The College awards its graduates degrees through Tiffin University, which is accredited by the North Central Association of Colleges and Schools Commission and the Association of Collegiate Business Schools and Programs. Ivy Bridge grants students who maintain satisfactory academic standing admittance into one of the College's four-year partner institutions. As of July 2012, Ivy Bridge has entered into partnerships with 143 public and private universities.

==Student body==
Enrollment in Ivy Bridge's degree programs reached nearly 2,000 in 2011. Altius’ CEO Paul Freedman announced that Ivy Bridge intends to increase enrollment to 5,000 students within the next 18 months, with a goal of enrolling upwards of 30,000 students by 2017.

==Recent developments==

Altius Education Inc.’s founder and CEO Paul Freedman unveiled the Helix educational platform during Arizona State University’s 2012 Education Innovation Summit. Based on “adaptive, competency-based learning”, Helix generates a curriculum intended to accommodate a student's learning style. Helix incorporates the use of on-demand assistance, progress assessments, storytelling, and interactive classrooms.

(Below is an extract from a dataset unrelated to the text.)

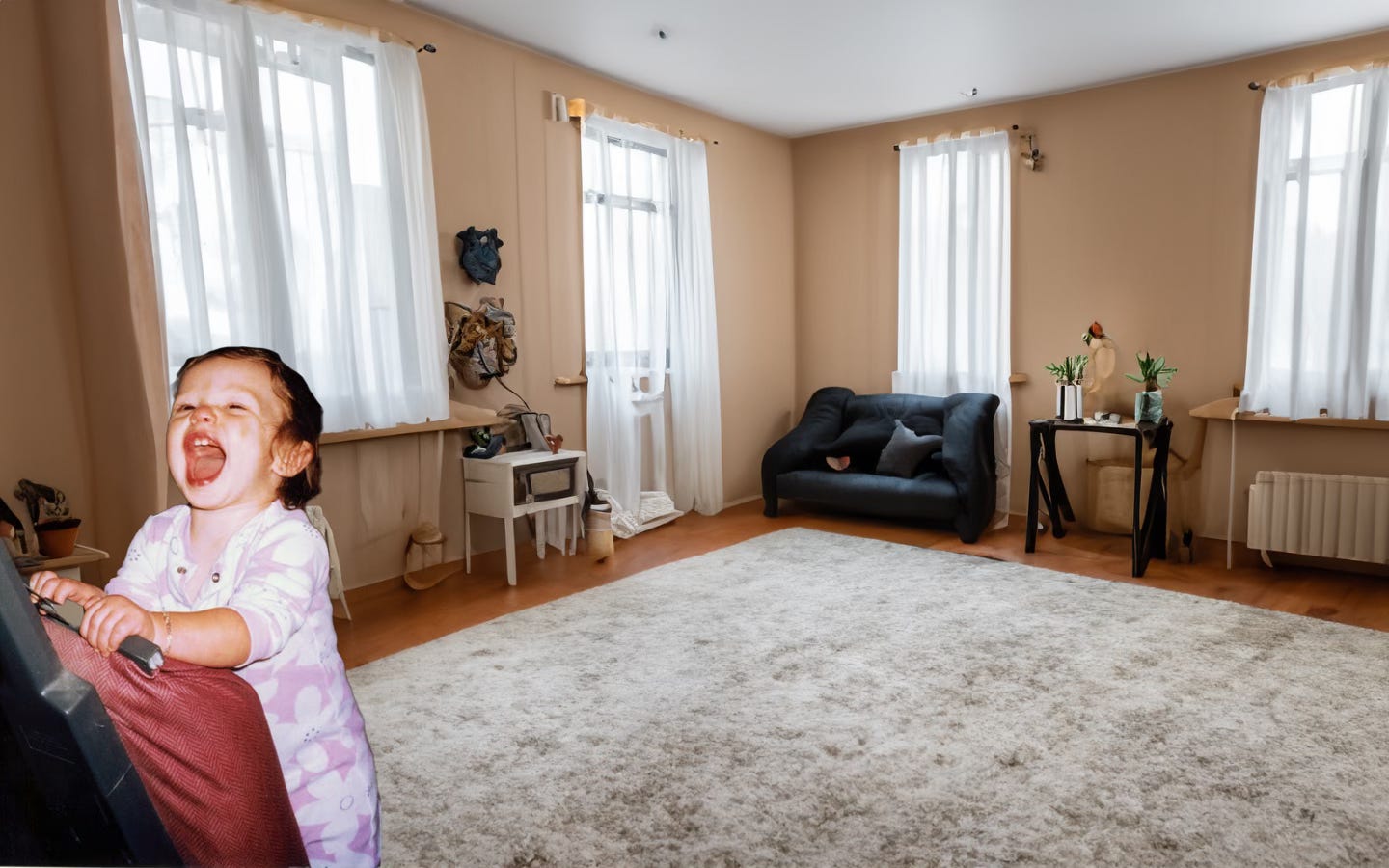 Little girl standing on vacuum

The transition from Ivy Bridge's Moodle platform to the Helix system is scheduled to begin early in 2013.

A new tuition structure, aimed at increasing the number of students enrolled on a full-time basis, went into effect at the start of the summer 2012 semester. It decreases the cost by 14% for students attending the college full-time.

Tiffin University has been ordered by its accrediting body to stop offering associate degrees through Ivy Bridge as of October 20, 2013, calling into question the future of Ivy Bridge College.